__The data__.
══════
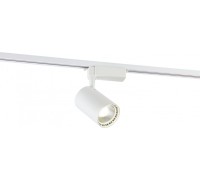 Трековый светильник 2043 2043-LED20TRW Simple Story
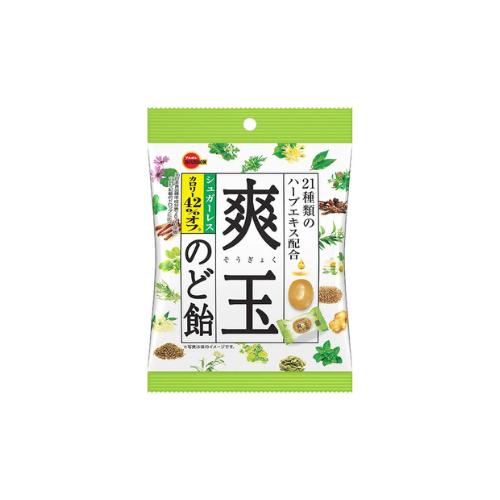 ブルボン　シュガーレス爽玉のど飴　8個セット　8LINK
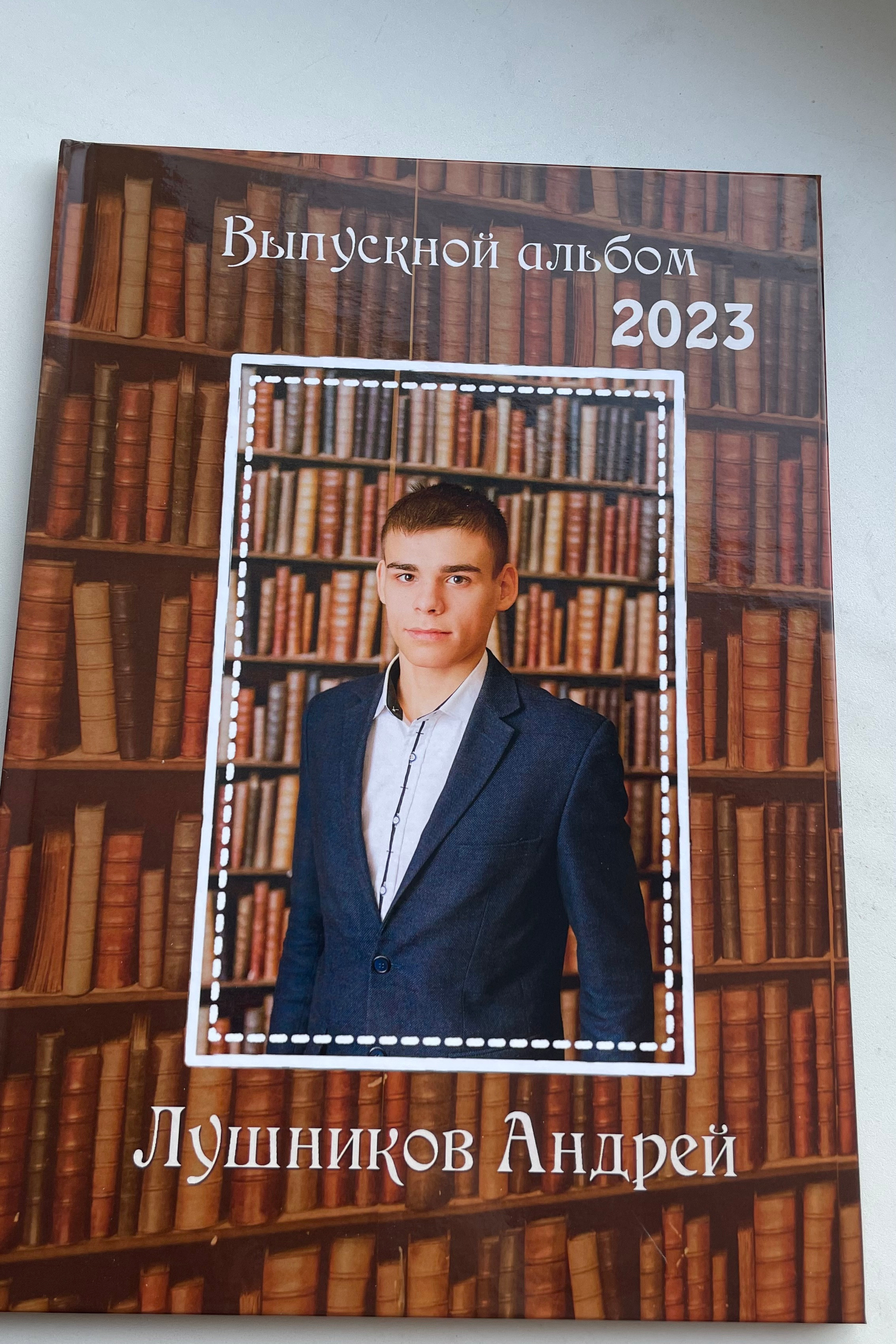 10 класс Библиотека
══════
__Brief__. Leaving out only the pictures, return the material above unchanged.

__Output__.
 Трековый светильник 2043 2043-LED20TRW Simple Story
 ブルボン　シュガーレス爽玉のど飴　8個セット　8LINK
 10 класс Библиотека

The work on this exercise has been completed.